I then made a template in AutoCAD and printed it 1:1. I tacked it to the one piece, stacked them, and drilled holes large enough for the m4 screws. The template I made is available in PDF for 8.5x11" here.
After drilling them, I sanded down the edges and painted them so they wouldn't look so tacky when done.
My monitors came in, so I placed them on the kitchen table with their stands on so I could get a feel for what type of angle I wanted. I then bolted the VESA blocks onto the monitors to help me work with my angles.
Here is a great little fact that my father, in his years of plumbing experience, taught me. If you put together a standard 45 and a street 45(which is a 45 with one side male threads, one side female), you can rotate them to create any angle you want! The only drawback is that your angled pipe will be slightly higher(although still parallel) than the original pipe.
I did this to make up my angle from the center screen to the one on the right. I then made the mirror by putting the center piece on the right monitor and the angle on the center one. this made sure I had a perfectly symmetrical angle for both sides.
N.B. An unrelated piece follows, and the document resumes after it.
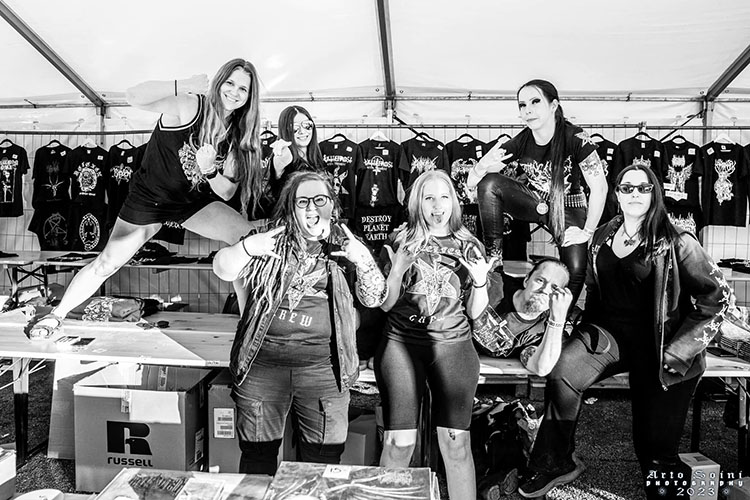 Chrissy, Nadya, Janetta, Katri, Milla, Aaro and Serena are huddled together and smiling, standing in front of and top of the merchandise table at Steelfest 2023.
I tightened them up after marking where they have to be for the angles with a pipe wrench and made sure they won't sag with the weight of the monitor. I then started attaching them to the upright and T fitting, making sure everything was level.
Not to finish there, I decided to do some custom wiring. I hated how this would suck up three outlets on my power strip, so I took a larger gauge server power cord, cut the end off of it, and mated it with three cables for each of the monitors. To make the build nicer, I used a die grinder to cut holes in the steel pipe to hide the cables completely.
The right-most power cable just comes out of the end of the pipe since the plugs fit in the right side of the monitors.
Once my VESA plates were attached to the stand, it was as easy as bolting up my monitors and plugging them in!
Minor adjustments still need to be made to line the edges up better, but that was simply done by loosening the pipe clamps on the back and rotating/sliding the monitors.